**Goal of the exercise:** Would you please restate all of the data exactly?

**Data for processing:**
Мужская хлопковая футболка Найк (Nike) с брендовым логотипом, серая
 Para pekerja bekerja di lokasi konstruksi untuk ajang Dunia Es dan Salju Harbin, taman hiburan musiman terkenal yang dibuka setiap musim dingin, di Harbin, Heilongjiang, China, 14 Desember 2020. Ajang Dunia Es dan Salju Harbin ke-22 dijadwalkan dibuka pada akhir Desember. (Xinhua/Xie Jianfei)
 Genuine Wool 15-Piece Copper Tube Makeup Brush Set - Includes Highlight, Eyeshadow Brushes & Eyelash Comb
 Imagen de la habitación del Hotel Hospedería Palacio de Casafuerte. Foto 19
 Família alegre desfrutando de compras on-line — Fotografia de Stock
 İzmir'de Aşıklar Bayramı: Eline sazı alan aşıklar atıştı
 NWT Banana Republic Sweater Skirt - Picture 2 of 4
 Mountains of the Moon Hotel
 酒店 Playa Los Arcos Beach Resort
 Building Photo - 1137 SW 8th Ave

**Answer to this task:**
Мужская хлопковая футболка Найк (Nike) с брендовым логотипом, серая
 Para pekerja bekerja di lokasi konstruksi untuk ajang Dunia Es dan Salju Harbin, taman hiburan musiman terkenal yang dibuka setiap musim dingin, di Harbin, Heilongjiang, China, 14 Desember 2020. Ajang Dunia Es dan Salju Harbin ke-22 dijadwalkan dibuka pada akhir Desember. (Xinhua/Xie Jianfei)
 Genuine Wool 15-Piece Copper Tube Makeup Brush Set - Includes Highlight, Eyeshadow Brushes & Eyelash Comb
 Imagen de la habitación del Hotel Hospedería Palacio de Casafuerte. Foto 19
 Família alegre desfrutando de compras on-line — Fotografia de Stock
 İzmir'de Aşıklar Bayramı: Eline sazı alan aşıklar atıştı
 NWT Banana Republic Sweater Skirt - Picture 2 of 4
 Mountains of the Moon Hotel
 酒店 Playa Los Arcos Beach Resort
 Building Photo - 1137 SW 8th Ave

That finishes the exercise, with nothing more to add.